A fever for change hits us all — to get healthier, slimmer, more productive, to be better people, whatever that means to us. To start again. But is this not aggression against ourselves? And does violence not breed violence?
Forgive me if I misquote, but I do believe Pema Chodron, the Buddhist teacher, wrote something like this, “the desire to change is an act of aggression against oneself”.
I do not have my books or the internet to hand to check it, but this sentence has taken root in my mind. It seems particularly relevant right now, as a fever for change hits us all — to get healthier, slimmer, more productive, to be better people, whatever that means to us. To start again. There is a positive impulse here, maybe a visualisation of ourselves as we would like to be, as we feel we “really” are, underneath our layers of laziness and indifference and our compulsive worrying and running around following our own or other people’s demands. There may be a very real need to change dysfunctional behaviours, kick addictions, etc.

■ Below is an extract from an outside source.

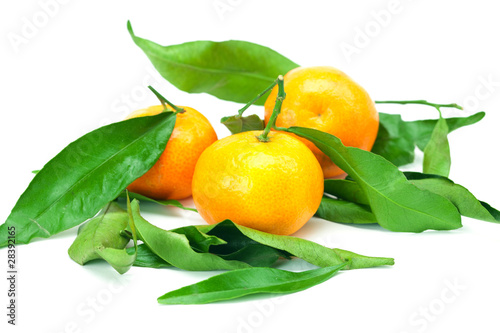 mandarin with green leaves isolated on white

But as we all know, violence tends to breed violence. Rejection of ourselves is unlikely to lead to healthy feelings of self esteem. Judging what we do as imperfect, identifying it with ourselves — i.e. thinking that there is something inherently wrong with us, and then trying to force this imperfection out — may achieve some limited, specific results, but it is not going to lead us to be the people we want to be in the long run. For a start, perfection is a state that does not exist in human nature.
There is a tendency, however, which I have certainly observed in counselling, for people, once they accept their own feelings and thoughts, without necessarily identifying with them all, to naturally do things a little differently, more in accordance with how they feel and think. A certain sense of ease comes, which is probably most people’s goal in “changing themselves” anyway. They want to feel happy. They want to feel at ease in their own skins.
In my view this kind of natural change cannot be planned or forced any more than you can make yourself fall asleep on cue. What we can do is accept our thoughts and feelings in all their messiness. They are there. It’s alright. We can hold them all. We tend to find then, that the bad stuff arises and passes again. An attitude of warmth towards ourselves works wonders. Happy new year!